Using BPGA to cluster the core, accessory and unique genes and assigning KEGG functional pathways to them, about 92% of the core genes of the three lineages are responsible for metabolism related pathways. However, accessory gene assignment of metabolic, organismal system and environmental information related pathways in the lineages are: Lineage 6 (33%, 59% and 58%), Lineage 4 (23%, 28% and 33%) and Lineage 2 (47%, 18% and 21%) as shown in Fig. 4.
Evolution of M. africanum
Core genes are responsible for survival and majority of biological processes in the bacteria. Those that exist in copies, also known as “multi copy core genes” (MCG) were studied as these genes, especially rRNAs in bacteria, have been seen to influence adaptation to environmental pressures and the structure of microbiomes (31). We examined conserved genes of these lineages that exhibit copy number variation (CNV) and constructed a phylogeny based on their core genomes (Fig. 5). Eleven (11) PE/PPE family proteins and four (4) fadD genes fall under the category of MCG. PPE family proteins and fadD genes were selected as they have been reported to be crucial factors for mycobacterial virulence and in vivo pathogenicity (32–34).
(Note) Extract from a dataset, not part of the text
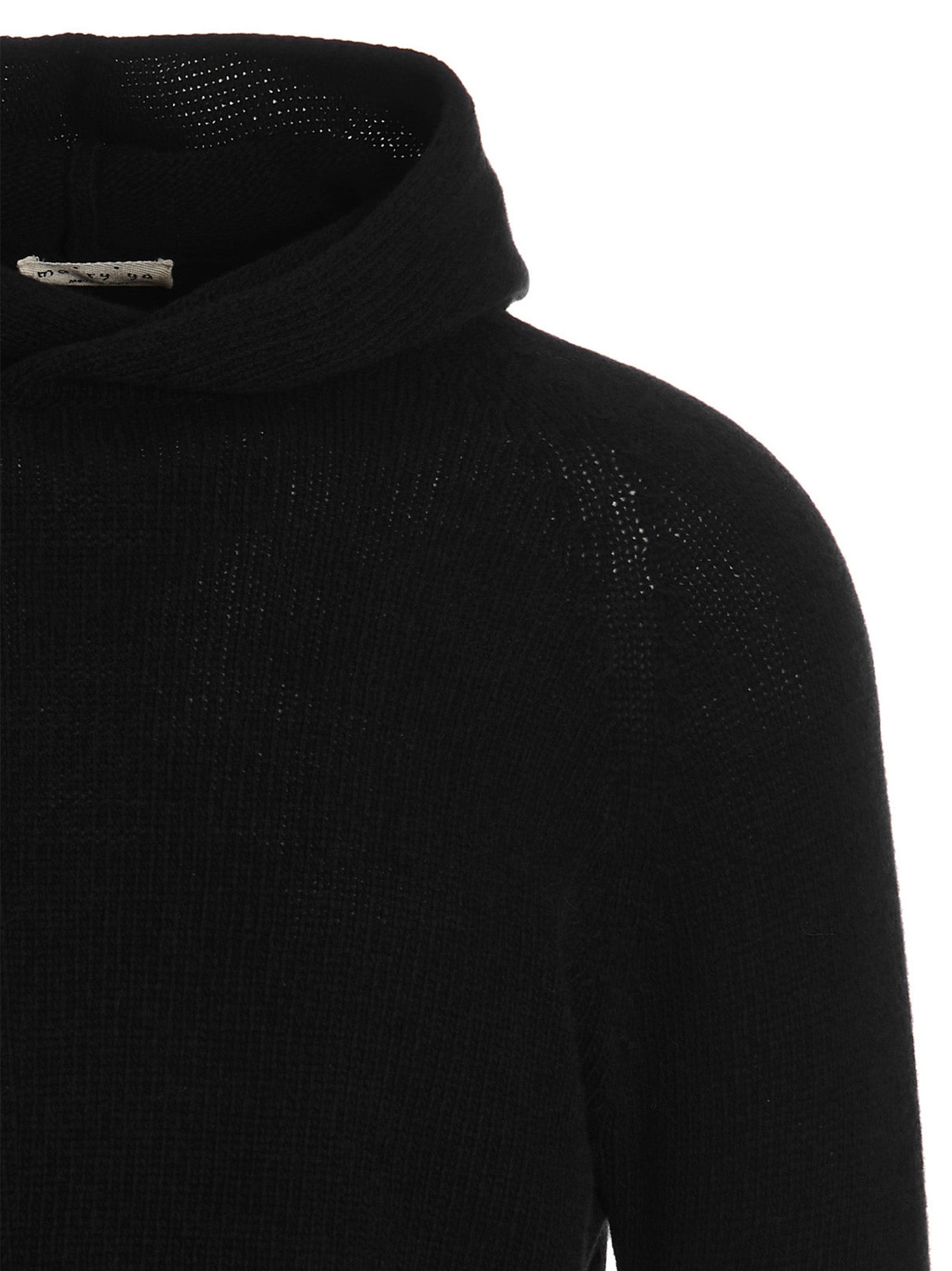 MA'RY'YA Schwarzer Cardigan aus Schurwolle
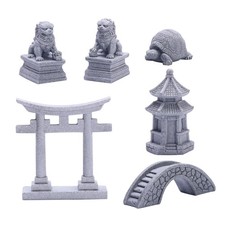 6 PCS Mini Zen Garden Accessories, Miniature Garden Bridge Foo Dogs Torii Gat... Garden Accessory price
PPE family proteins 15 and 26 all had similar gene copy number across all strains, which shows that these proteins have remained unchanged over time, whilst family PPE proteins 20, 47/48, 57, 51 and 42 showed little evolution in the CNV and lastly, PPE proteins 40, 32, 29 and 33 displayed lineages distinct CNV across the genomes (Fig. 5).
On the other set of gene families studied, fadD13, fadD15, fadD25 and fadD32 genes which are responsible for fatty acid CoA ligase, all showed CNV in the TB strains during the course of evolution except the fadD32 gene (Fig. 5). Additionally, multiple sequence alignment of fadD13 genes in MTBC genomes showed substitution mutations A8G in fadD13_2, S108F and A123V in fadD13_3 (Fig. 6).